- TASK ITEM:
Only the lines from the one that contains "2023 Fiat Tipo" through the last line of the data below should be duplicated, exactly and without pictures.

- DATASET EXCERPT:
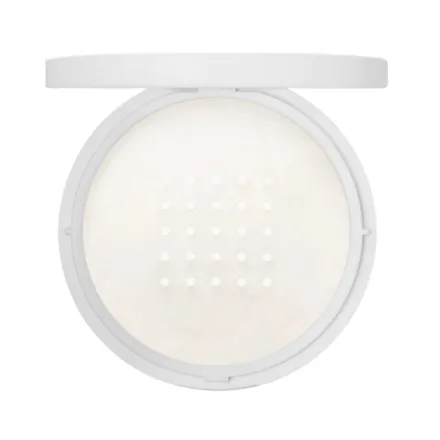 4U2skin Sebum Control TRanslucent Loose Powder - 10g | فور يو تو سكين لوس باودر - 10 غ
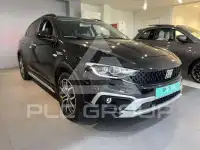2023 Fiat Tipo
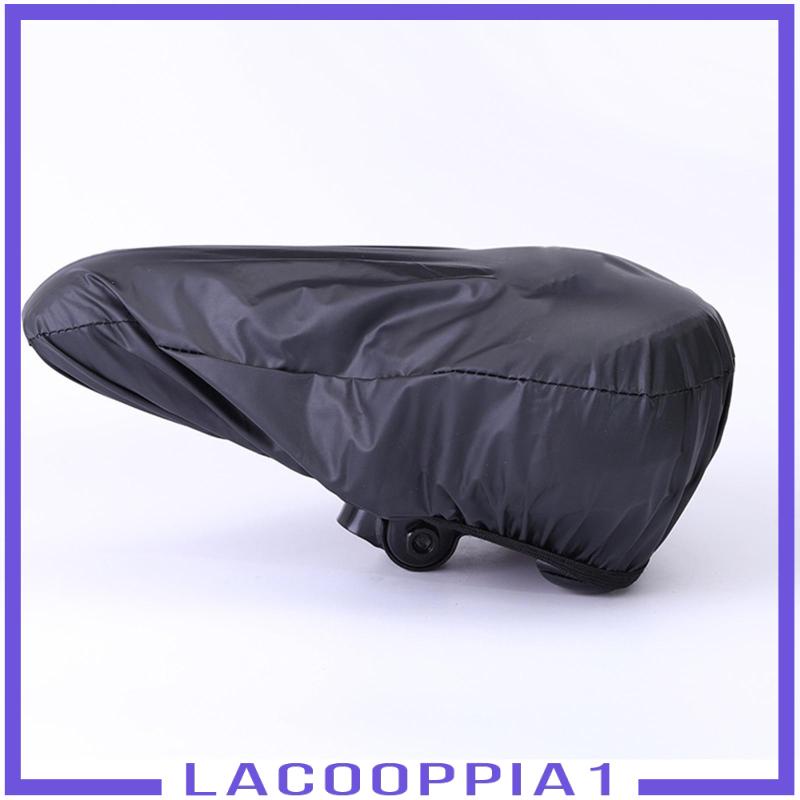 Vỏ Bọc Yên Xe Đạp Chống Nước Mưa Tiện Dụng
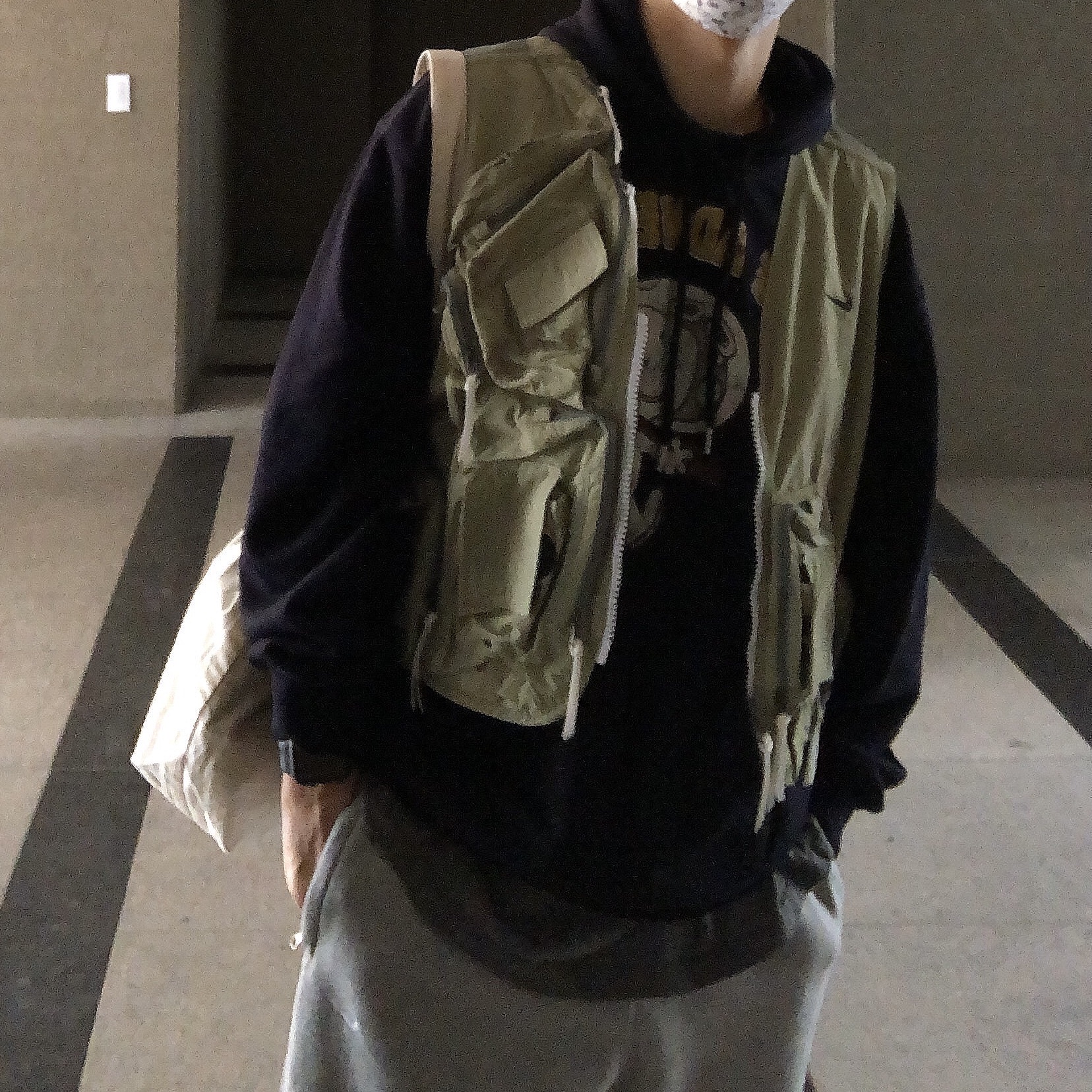 KREAM 스타일 - 1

- YOUR RESPONSE:
2023 Fiat Tipo
 Vỏ Bọc Yên Xe Đạp Chống Nước Mưa Tiện Dụng
 KREAM 스타일 - 1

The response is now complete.